Where Agents Excel (Honestly)

After sustained daily use, here’s where agentic tools genuinely save me time:

Boilerplate with conventions. “Create a new TCA feature matching our existing pattern” is the single highest-value prompt I use. The agent handles the file structure, the import statements, the protocol conformances, the test setup. All the parts that are necessary but not intellectually interesting.

Test writing. This surprised me. Agents write better test coverage than most developers — including me. They don’t get bored. They don’t skip edge cases because it’s Friday afternoon. Given a reducer, an agent will write tests for every action, including the ones I’d have said “I’ll add those later” about.

Refactoring with constraints. “Rename all instances of UserProfile to AccountProfile across the codebase, update tests, update documentation comments.” This is grunt work that developers are often bad at because it’s easy to get sloppy after the 30th file. The agent doesn’t.

Learning unfamiliar APIs. When I need to use an API I haven’t worked with — say, MusicKit or StoreKit 2 — the agent can scaffold a working integration faster than I can read the documentation. I still read the documentation afterwards, but I start with working code instead of starting from zero.

Where Agents Fail (Also Honestly)

Cross-cutting architecture decisions. The agent will happily add a feature that duplicates an existing pattern in a subtly incompatible way. It doesn’t understand the system — it understands the files it can see. When I ask it to add caching, it might create a new cache instead of using the existing one that’s three directories away in a module it didn’t read.

Performance-sensitive code. The agent writes correct code, not fast code. Every agent-generated List implementation I’ve seen creates the data source inline in the view body. It works. It also recalculates on every render. The agent doesn’t know about the performance characteristics I’ve learned from profiling dozens of SwiftUI apps with Instruments.

Knowing when to say no. The most valuable thing a senior engineer does is push back on requirements that don’t make sense. An agent will implement anything you ask for. It won’t tell you that the feature you’re describing creates a UX anti-pattern, or that the data model you’re specifying will cause migration headaches later.

The Uncomfortable Question

The question I keep coming back to: if the mechanical act of writing code is increasingly automated, what exactly am I being paid for?

My answer now: I’m being paid for the same things I’ve always been paid for — understanding the problem, making architectural decisions, anticipating failure modes, and maintaining quality over time.
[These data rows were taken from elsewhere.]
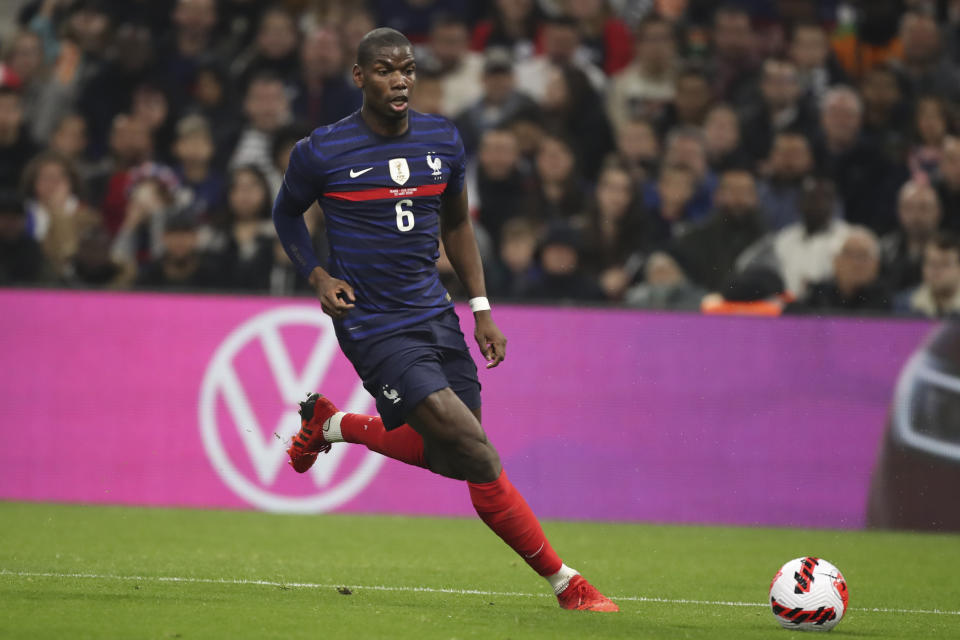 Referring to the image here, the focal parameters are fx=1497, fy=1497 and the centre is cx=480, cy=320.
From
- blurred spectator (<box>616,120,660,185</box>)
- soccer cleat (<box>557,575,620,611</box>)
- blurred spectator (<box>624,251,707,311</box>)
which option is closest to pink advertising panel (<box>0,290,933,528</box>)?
blurred spectator (<box>624,251,707,311</box>)

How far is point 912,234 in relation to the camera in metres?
12.5

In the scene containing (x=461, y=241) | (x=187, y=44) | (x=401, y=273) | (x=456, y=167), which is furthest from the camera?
(x=187, y=44)

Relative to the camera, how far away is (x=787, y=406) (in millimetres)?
11398

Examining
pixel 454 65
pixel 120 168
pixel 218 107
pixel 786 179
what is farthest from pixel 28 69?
pixel 786 179

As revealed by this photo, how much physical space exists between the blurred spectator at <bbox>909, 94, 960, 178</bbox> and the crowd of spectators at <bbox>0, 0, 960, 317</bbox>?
3 cm

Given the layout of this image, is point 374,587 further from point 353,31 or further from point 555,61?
point 353,31

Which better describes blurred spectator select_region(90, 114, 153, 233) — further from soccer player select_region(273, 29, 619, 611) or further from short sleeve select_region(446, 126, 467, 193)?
short sleeve select_region(446, 126, 467, 193)

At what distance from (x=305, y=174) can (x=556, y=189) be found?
7.03 meters

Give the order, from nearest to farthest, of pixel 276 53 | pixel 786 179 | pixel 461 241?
pixel 461 241 < pixel 786 179 < pixel 276 53

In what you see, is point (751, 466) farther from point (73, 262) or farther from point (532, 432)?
point (73, 262)

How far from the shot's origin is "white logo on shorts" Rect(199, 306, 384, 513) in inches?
448

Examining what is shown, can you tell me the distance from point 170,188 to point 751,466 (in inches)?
240

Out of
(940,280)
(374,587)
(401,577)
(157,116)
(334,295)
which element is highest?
(334,295)

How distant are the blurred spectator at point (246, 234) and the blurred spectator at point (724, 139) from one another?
4.09 meters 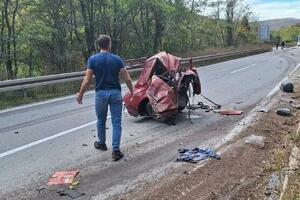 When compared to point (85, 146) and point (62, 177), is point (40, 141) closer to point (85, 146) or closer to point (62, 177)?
point (85, 146)

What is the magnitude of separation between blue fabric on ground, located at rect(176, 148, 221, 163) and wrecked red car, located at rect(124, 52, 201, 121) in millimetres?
2091

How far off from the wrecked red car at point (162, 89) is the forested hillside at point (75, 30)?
26.6ft

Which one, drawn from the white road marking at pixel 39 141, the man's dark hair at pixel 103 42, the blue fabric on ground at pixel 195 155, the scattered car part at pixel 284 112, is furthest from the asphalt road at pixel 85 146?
the man's dark hair at pixel 103 42

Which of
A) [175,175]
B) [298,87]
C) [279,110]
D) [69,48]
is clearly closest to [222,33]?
[69,48]

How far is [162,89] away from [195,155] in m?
2.60

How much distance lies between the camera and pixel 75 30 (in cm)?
2180

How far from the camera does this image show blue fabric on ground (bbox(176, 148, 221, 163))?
626cm

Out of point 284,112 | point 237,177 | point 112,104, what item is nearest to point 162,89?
point 112,104

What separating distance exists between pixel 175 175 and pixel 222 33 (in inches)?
2537

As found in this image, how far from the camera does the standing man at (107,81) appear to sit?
6.53 metres

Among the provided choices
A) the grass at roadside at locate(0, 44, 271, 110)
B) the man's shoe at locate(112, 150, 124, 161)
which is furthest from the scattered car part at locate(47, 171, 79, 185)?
the grass at roadside at locate(0, 44, 271, 110)

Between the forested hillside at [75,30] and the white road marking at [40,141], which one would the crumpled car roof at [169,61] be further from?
the forested hillside at [75,30]

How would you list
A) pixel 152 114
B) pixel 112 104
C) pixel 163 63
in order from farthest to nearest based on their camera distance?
pixel 163 63 < pixel 152 114 < pixel 112 104

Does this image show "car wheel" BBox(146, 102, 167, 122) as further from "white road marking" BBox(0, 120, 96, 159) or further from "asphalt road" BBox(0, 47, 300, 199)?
"white road marking" BBox(0, 120, 96, 159) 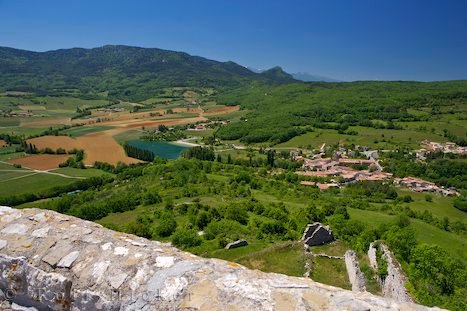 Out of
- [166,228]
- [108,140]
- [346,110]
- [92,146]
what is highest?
[346,110]

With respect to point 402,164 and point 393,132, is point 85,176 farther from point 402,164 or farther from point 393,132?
point 393,132

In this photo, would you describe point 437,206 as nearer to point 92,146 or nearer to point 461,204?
point 461,204

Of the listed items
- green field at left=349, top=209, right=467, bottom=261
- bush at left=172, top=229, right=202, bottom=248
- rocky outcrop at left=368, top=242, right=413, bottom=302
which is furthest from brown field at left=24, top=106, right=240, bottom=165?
rocky outcrop at left=368, top=242, right=413, bottom=302

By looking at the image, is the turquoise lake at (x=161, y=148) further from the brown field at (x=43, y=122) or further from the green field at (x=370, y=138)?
the brown field at (x=43, y=122)

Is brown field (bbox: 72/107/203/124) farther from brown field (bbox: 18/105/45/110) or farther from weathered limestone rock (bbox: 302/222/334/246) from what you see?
weathered limestone rock (bbox: 302/222/334/246)

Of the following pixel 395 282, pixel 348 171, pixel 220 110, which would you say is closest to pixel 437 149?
pixel 348 171

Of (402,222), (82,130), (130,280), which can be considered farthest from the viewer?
(82,130)

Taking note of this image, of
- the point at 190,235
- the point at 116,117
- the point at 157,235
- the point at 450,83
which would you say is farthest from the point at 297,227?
the point at 450,83

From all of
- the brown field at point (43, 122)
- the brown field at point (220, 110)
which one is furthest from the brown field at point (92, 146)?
the brown field at point (220, 110) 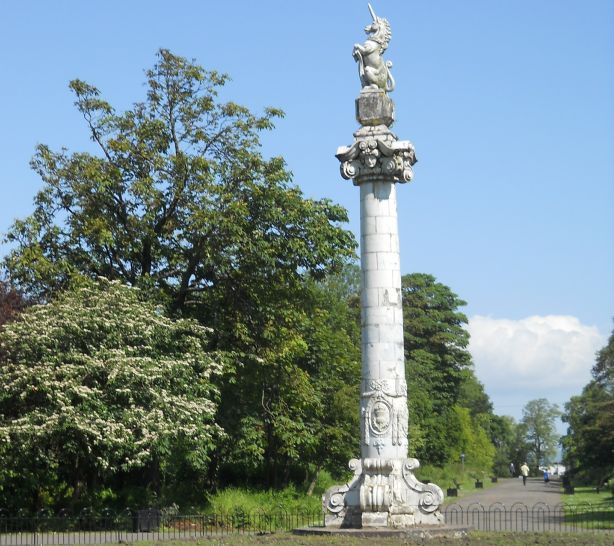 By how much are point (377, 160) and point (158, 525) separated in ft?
40.0

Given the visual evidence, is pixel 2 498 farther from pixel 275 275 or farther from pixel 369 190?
pixel 369 190

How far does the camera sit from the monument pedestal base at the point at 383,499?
2394 cm

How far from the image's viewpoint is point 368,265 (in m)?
25.5

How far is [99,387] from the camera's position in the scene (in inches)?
1168

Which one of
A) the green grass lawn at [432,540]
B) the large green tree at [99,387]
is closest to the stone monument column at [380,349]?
the green grass lawn at [432,540]

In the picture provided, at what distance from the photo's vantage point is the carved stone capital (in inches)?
1009

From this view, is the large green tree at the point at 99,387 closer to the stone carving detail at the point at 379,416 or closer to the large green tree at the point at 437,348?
the stone carving detail at the point at 379,416

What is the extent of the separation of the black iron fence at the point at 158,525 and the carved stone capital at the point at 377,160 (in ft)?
28.5

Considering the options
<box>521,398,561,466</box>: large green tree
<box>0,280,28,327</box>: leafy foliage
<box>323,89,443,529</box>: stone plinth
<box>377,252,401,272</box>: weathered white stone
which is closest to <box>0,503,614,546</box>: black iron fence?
<box>323,89,443,529</box>: stone plinth

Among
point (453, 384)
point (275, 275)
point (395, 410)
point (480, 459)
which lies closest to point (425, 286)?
point (453, 384)

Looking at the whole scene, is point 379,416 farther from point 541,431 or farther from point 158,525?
point 541,431

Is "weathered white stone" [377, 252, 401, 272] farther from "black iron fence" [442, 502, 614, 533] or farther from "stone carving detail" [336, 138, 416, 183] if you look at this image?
"black iron fence" [442, 502, 614, 533]

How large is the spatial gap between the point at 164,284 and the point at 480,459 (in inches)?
2719

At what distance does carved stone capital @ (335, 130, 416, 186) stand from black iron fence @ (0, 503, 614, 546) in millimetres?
8701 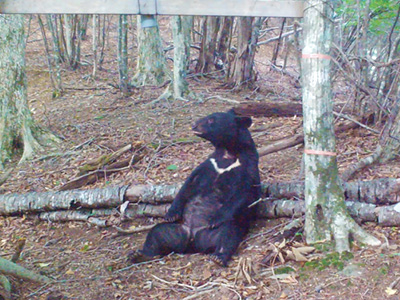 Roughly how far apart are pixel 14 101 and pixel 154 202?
4.18m

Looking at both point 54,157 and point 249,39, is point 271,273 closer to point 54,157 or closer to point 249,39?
point 54,157

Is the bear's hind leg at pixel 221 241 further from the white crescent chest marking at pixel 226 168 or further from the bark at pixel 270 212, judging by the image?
the white crescent chest marking at pixel 226 168

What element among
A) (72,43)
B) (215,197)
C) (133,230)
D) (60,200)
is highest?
(72,43)

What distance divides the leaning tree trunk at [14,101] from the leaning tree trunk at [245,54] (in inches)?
179

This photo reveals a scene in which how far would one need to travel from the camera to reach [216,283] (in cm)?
424

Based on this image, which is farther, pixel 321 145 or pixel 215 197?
pixel 215 197

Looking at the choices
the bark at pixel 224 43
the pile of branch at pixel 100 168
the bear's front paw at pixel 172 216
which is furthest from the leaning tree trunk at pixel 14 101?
the bark at pixel 224 43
The code was always just the artifact of those decisions. It was never the decision itself.

What’s changed is that the artifact is cheaper to produce. That means I can iterate faster. I can try two approaches and compare them instead of committing to one because I can’t afford the time to build both. I can write more tests because the marginal cost of test writing has dropped to near-zero.

The developers I’m worried about aren’t the senior engineers. They’re the developers who defined their value by volume of code produced. If your primary skill is typing Swift quickly, you have a problem. If your primary skill is knowing which Swift to type, you’re fine.

I’m writing more code than ever. I’m just not typing most of it.